Klubs wie Mainz, Augsburg, Hoffenheim oder Freiburg haben sich schon klar und zeitnah positioniert, andere haben sicher noch Nachholbedarf, die Verbände leider auch. Ökologische Regeln zur Auflage für eine Bundesliga-Lizenz zu machen, interessiert derzeit leider noch niemanden. Da würde ich mir mehr Engagement von den Verbänden wünschen, die den Vereinen klare Regeln und Vorgaben setzen sollten. Freiwilligkeit wird nicht funktionieren. Vielleicht bringt der neue DFB-Präsident Fritz Keller das Thema voran.

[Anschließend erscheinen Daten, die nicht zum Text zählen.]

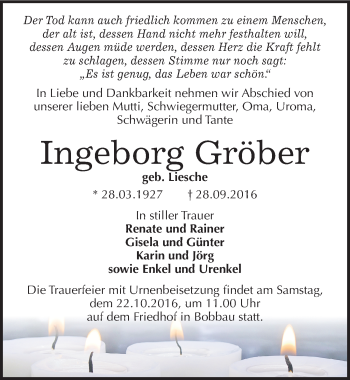 Traueranzeige von Ingeborg Gröber von Mitteldeutsche Zeitung Bitterfeld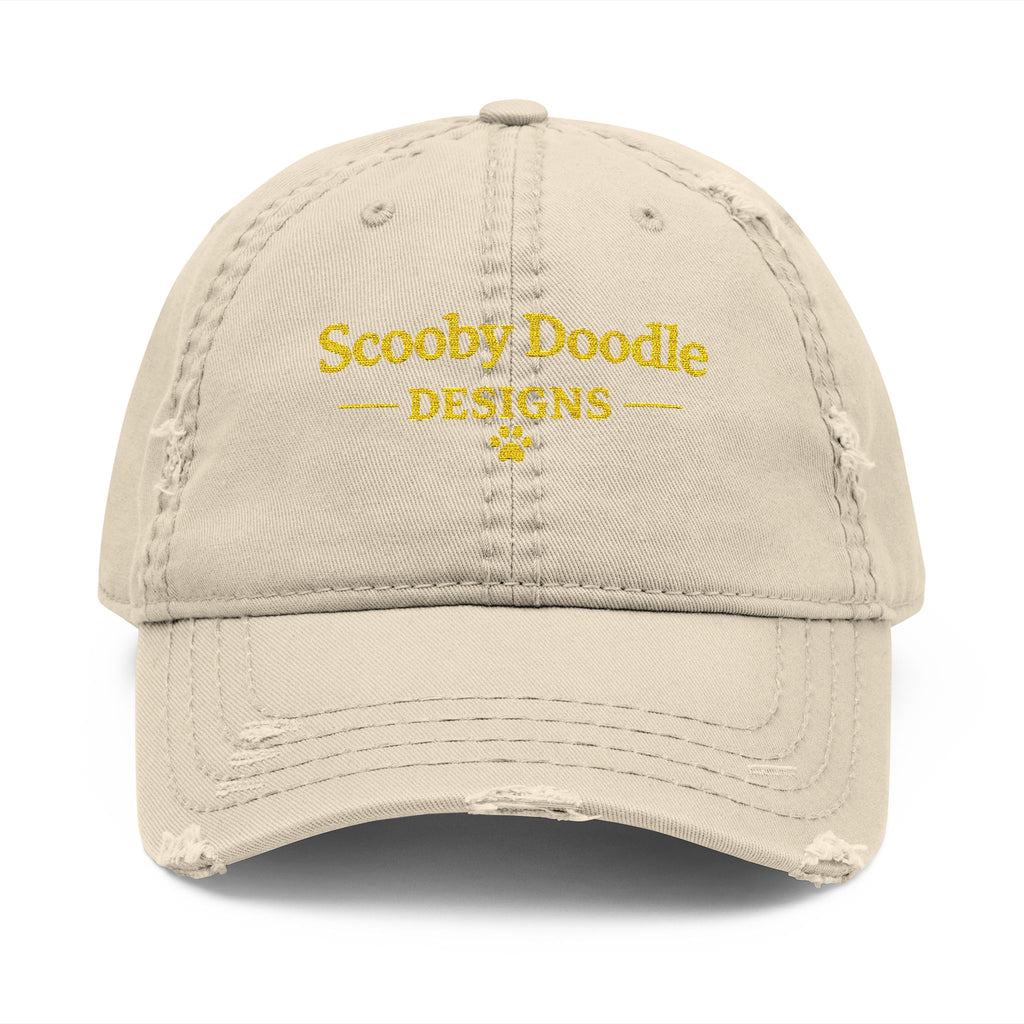 Distressed Embroidered Dad Hat - "Scooby Doodle Designs" Logo Cap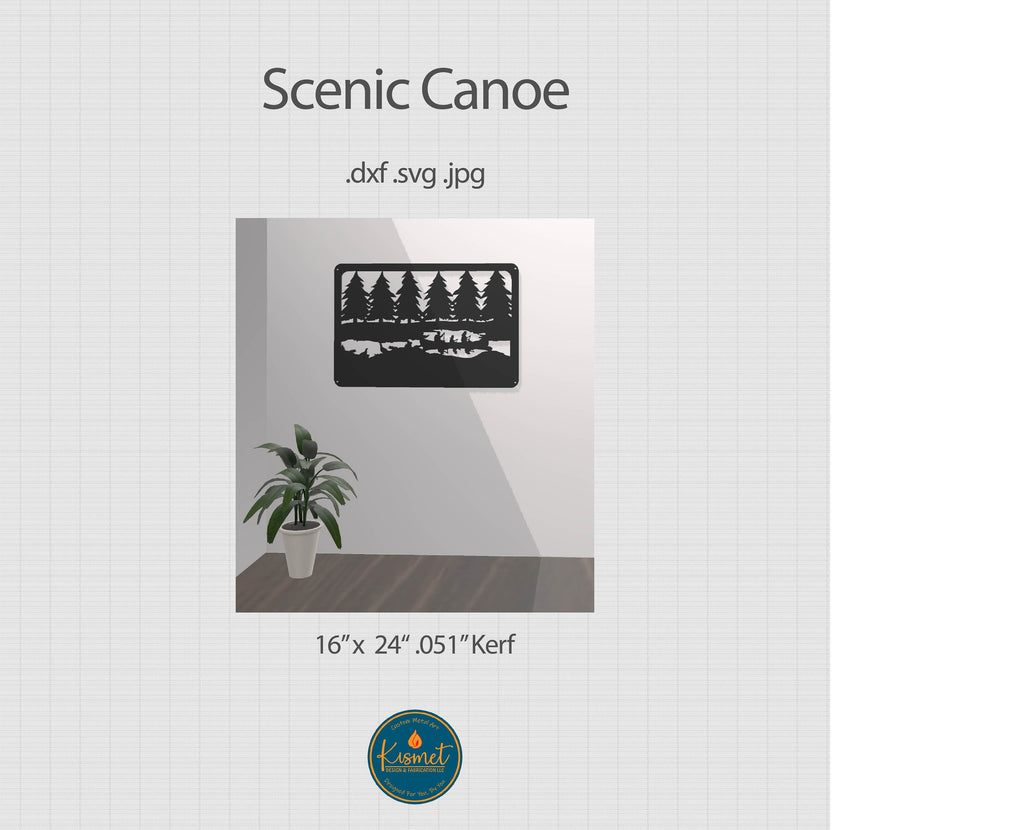Scenic Canoe Pine Lake Sign DXF/SVG design preview with file details (photo 2)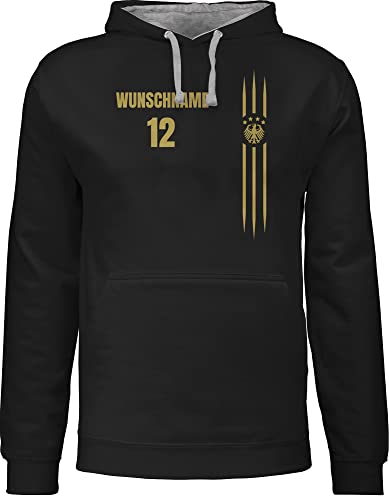 Pullover Herren Frauen Hoodie Kontrast zweifarbig - 2026 Fussball WM Fanartikel - Deutschland Name und Nummer - XS - Schwarz/Grau meliert - pulli fußball em kapuzenpullover fußball. germany hoody Pullover Herren Frauen Hoodie Kontrast zweifarbig - 2026 Fussball WM Fanartikel - Deutschland Name und Nummer - XS - Schwarz/Grau meliert - pulli fußball em kapuzenpullover fußball. germany hoody von Geschenk mit Namen personalisiert by Shirtracer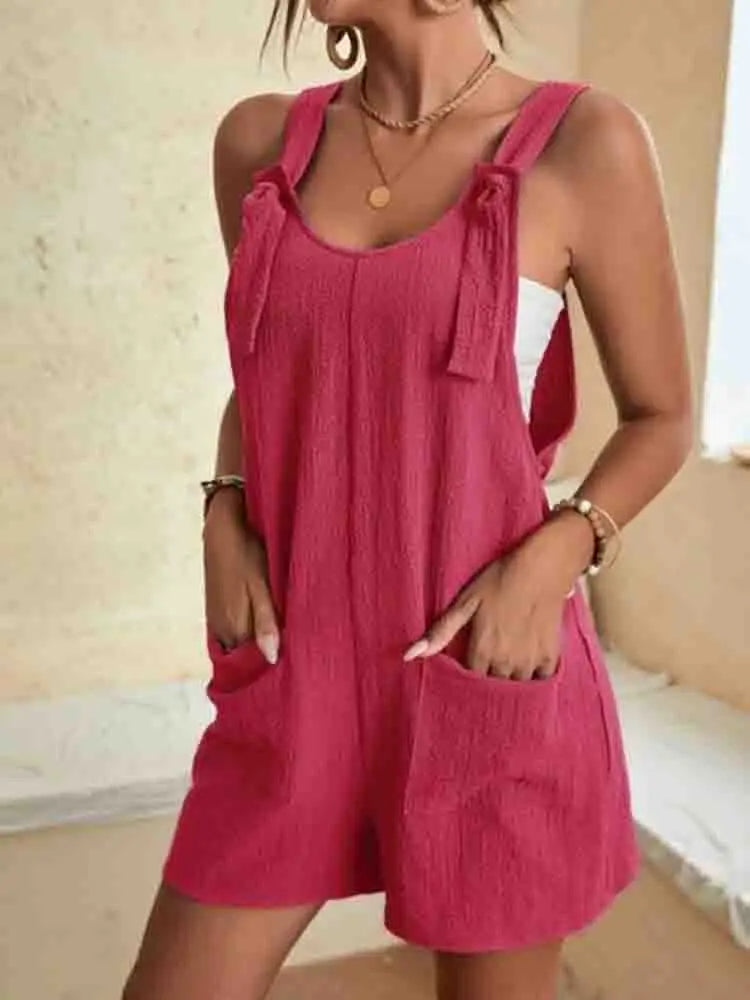 Olivia | Casual Sleeveless Summer Romper with Tie Straps & Pockets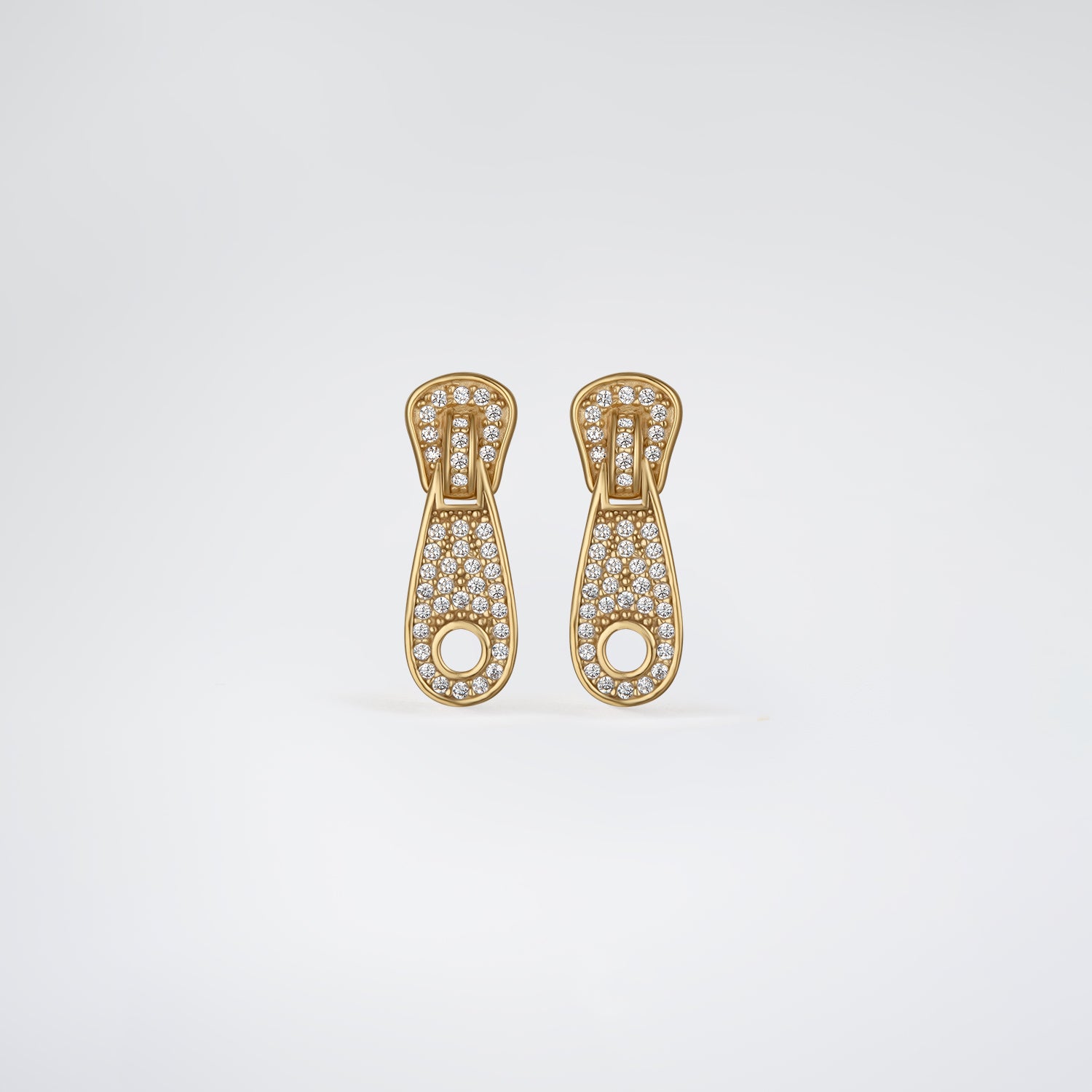 Zip Earrings Gold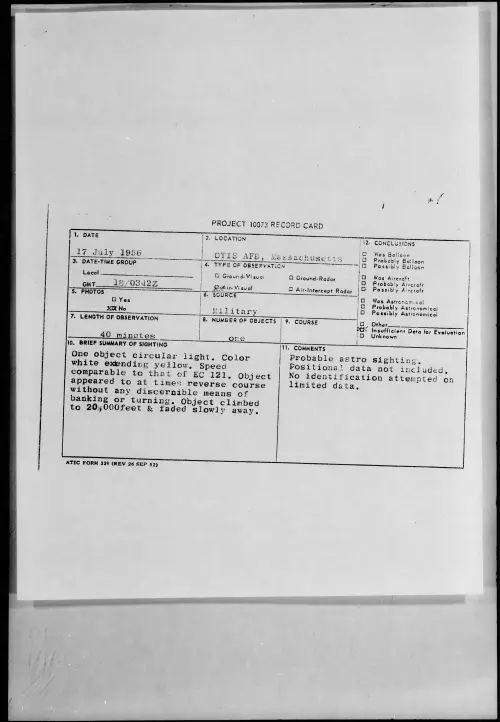 First page of 1956.07 - 6787178 - OTIS AFB, Massachusetts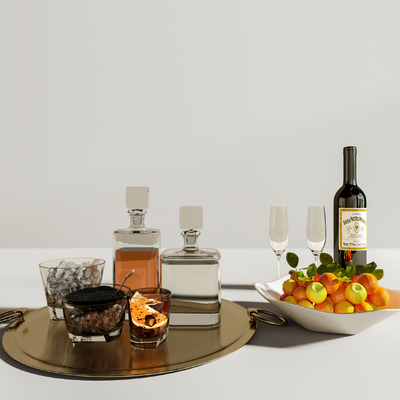  红酒酒杯 洋酒 托盘 水果盘su模型 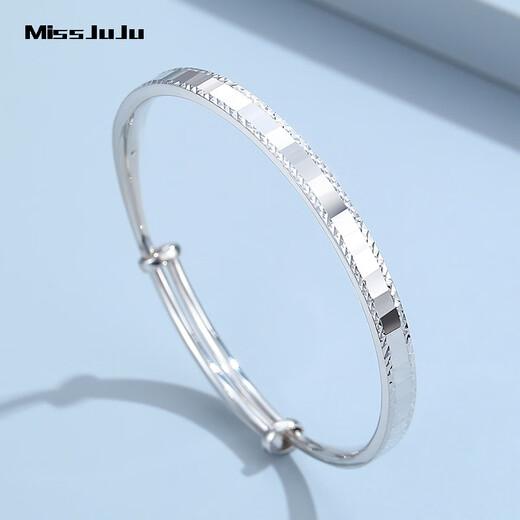 Miss JuJu pt950 platinum push-pull bracelet for women semi-solid platinum bracelet with adjustable horse buckle PT950 23.29 g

Und dann werden alle Profis die S-Bahn nach einem Heimspiel nehmen – so wie Unions Neven Subotic?
Grundsätzlich geht es darum, ein Bewusstsein zu schaffen. Wir leben in einer Zeit, in der 15-Jährige für ökologische und soziale Themen protestieren. Dem sollten wir uns nicht verschließen. Wenn diese Generation Z dem Fußball glaubwürdig abnimmt, dass er sich um diese Themen kümmert, wird auch eine andere Verbindung entstehen. Die Branche hat mit einer emotionalen Entfremdung zu kämpfen.

Was meinen Sie damit?
Wir sind heute dabei, dass Klubs in zehn Jahren viermal den Stadionnamen verkaufen. In den Klubs sind kapitalkräftige Gesellschafter hinzugekommen, die zum Teil Mitglieder verdrängt haben. Damit haben sich auch Interessenslagen und Ausrichtungen verschoben. Das kann dazu führen, dass der eine oder andere sich möglicherweise mit seinem Verein nicht mehr vollumfänglich identifiziert.

Und diejenigen wollen Sie mit Klimapolitik zurückgewinnen?
Wenn wir unsere Zielgruppe von heute, morgen und übermorgen richtig ansprechen, wird das helfen. Die Bundesliga wäre dann noch fanfreundlicher, sozialer, ökologischer und nachhaltiger. Aktuell liegt der Schwerpunkt aber auf Umsatzsteigerung. Und warum machen wir das? Damit die Steaks der Spieler bald nicht mehr golden, sondern platinbeschichtet werden? Diesen Weg halte ich für schwierig.